--- Given data Enclosed Below ---

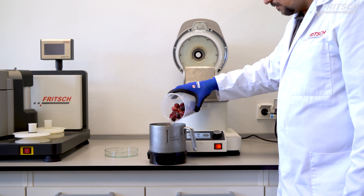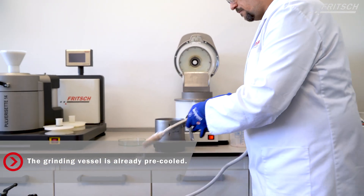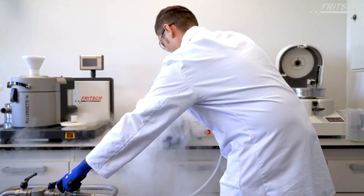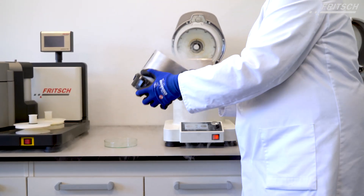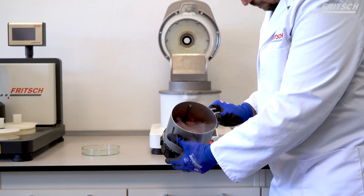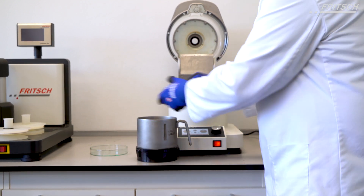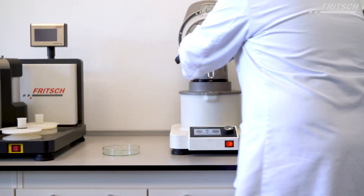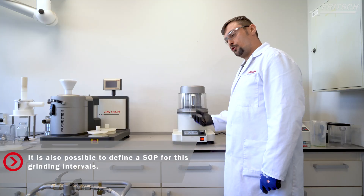Now we grind in intervals, which is important for a more homogeneous sample.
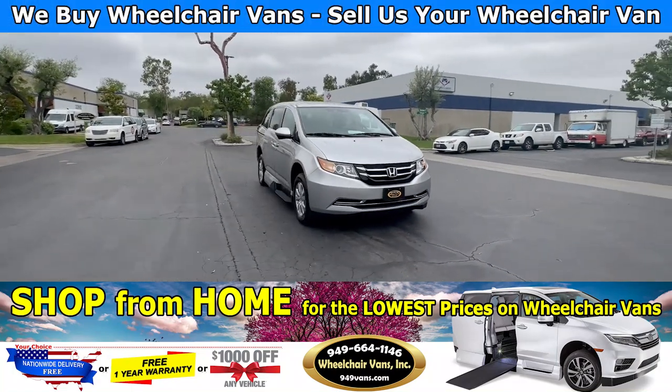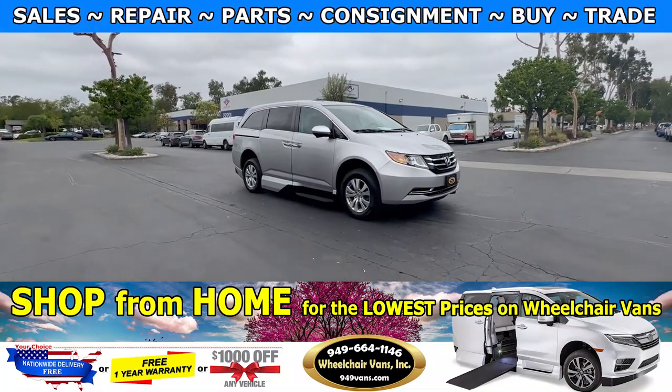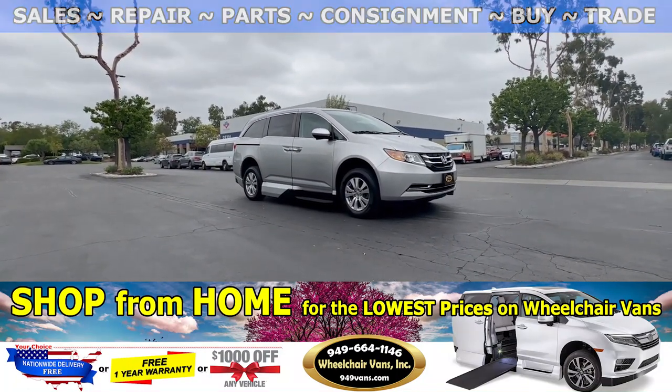Hello and welcome to Wheelchair Vans Inc. Today we will be going over a 2015 Honda Odyssey equipped with the VMI North Star.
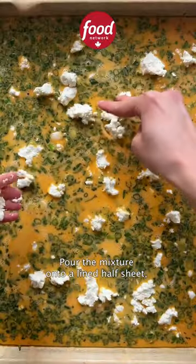Pour the mixture onto a lined half sheet, scatter over some goat cheese, and bake for about 20 minutes.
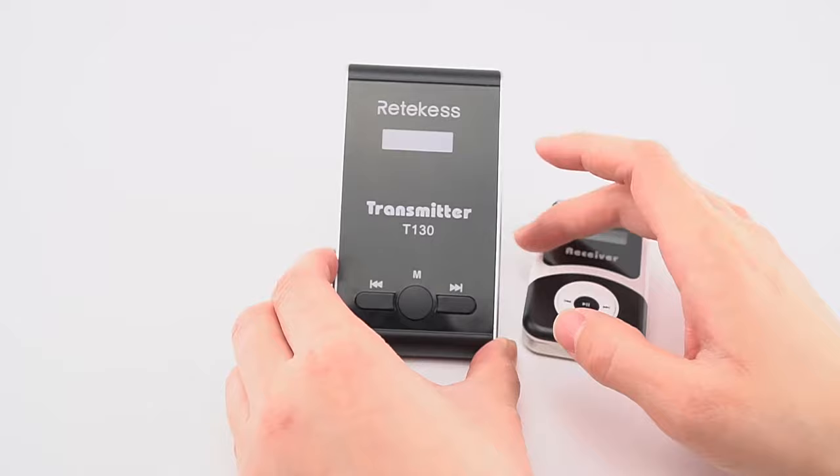Now I will show you how to set receivers one by one. Turn off the receivers and transmitter. Then turn on the transmitter first — press this key and this key for two seconds, and set the channel as needed. We will choose channel 28. Confirm the selection, and the number will start flashing with a signal icon on the screen. Then press this key and this key for two seconds on the receiver.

--- End of Enclosed Given data ---

▶ [Task goal]: Everything in the data except the pictures must be transcribed exactly.

▶ [Solved problem]:
Now we grind in intervals, which is important for a more homogeneous sample.
Hello and welcome to Wheelchair Vans Inc. Today we will be going over a 2015 Honda Odyssey equipped with the VMI North Star.
Pour the mixture onto a lined half sheet, scatter over some goat cheese, and bake for about 20 minutes.
Now I will show you how to set receivers one by one. Turn off the receivers and transmitter. Then turn on the transmitter first — press this key and this key for two seconds, and set the channel as needed. We will choose channel 28. Confirm the selection, and the number will start flashing with a signal icon on the screen. Then press this key and this key for two seconds on the receiver.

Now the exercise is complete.